An Audit of Triple-Negative Breast Cancer (TNBC) Management at a Tertiary Breast Cancer Care Center in India

Triple-negative breast cancer (TNBC) is an aggressive breast cancer subtype with few options for targeted therapy. Neoadjuvant chemotherapy (NACT) is recommended as the first line of therapy in TNBC treatment to improve survival outcomes. The acceptance of NACT in Indian practice is lower than that of global standards. Here, we audit the management of TNBC in a single surgeon unit by evaluating the rate of NACT uptake and its association with survival outcomes. This single institutional audit focuses on the management and outcomes of 165 TNBC patients of Indian origin. Overall, 57% underwent upfront surgery, and 43% received NACT. Early-stage patients showed better disease-free survival (DFS) and overall survival (OS) than those diagnosed at late stages.
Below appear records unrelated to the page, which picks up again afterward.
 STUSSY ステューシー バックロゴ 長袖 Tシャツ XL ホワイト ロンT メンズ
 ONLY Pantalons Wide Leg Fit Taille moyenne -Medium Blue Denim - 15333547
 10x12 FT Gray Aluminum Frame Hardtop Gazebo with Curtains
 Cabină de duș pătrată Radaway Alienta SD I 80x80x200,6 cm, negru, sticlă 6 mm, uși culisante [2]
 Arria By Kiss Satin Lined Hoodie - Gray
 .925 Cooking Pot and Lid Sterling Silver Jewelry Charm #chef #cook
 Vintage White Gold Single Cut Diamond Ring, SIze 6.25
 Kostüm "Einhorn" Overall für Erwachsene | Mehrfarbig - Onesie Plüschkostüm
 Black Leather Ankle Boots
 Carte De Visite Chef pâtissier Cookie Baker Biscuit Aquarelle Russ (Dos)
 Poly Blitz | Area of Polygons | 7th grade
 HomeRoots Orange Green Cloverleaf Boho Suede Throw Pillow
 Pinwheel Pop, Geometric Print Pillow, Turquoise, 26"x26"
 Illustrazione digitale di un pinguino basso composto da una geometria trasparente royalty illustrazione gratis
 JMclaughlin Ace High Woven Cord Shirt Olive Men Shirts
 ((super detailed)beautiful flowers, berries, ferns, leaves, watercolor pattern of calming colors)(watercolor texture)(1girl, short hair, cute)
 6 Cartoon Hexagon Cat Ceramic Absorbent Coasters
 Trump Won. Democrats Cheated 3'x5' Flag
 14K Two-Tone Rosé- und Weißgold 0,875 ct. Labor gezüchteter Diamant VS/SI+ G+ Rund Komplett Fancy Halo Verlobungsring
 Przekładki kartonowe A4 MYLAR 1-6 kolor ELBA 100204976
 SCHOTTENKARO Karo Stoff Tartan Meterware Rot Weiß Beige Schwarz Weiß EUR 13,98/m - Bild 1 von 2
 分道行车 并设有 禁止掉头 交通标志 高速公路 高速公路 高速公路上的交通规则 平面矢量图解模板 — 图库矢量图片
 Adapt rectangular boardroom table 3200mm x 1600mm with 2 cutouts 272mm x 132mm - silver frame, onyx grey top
The proportion of patients with NACT was higher among the late-stage patients (70.3%). Most patients, regardless of treatment modality, received breast-conserving surgery. Post-NACT breast conservation consisted of a high percentage of oncoplastic interventions. Late-stage patients who received NACT and achieved a complete pathological response exhibited survival outcomes comparable to those patients diagnosed at early stage. Conversely, patients who did not respond to NACT, i.e., those with residual disease, experienced markedly poorer survival outcomes, underscoring the critical impact of NACT responsiveness on prognosis in advanced-stage TNBC. The stage at diagnosis and response to NACT treatment, if presenting late, are critical prognostic indicators for TNBC patients. Efforts for early diagnosis and wider acceptance of NACT as an option in TNBC treatment in India could lead to better outcomes.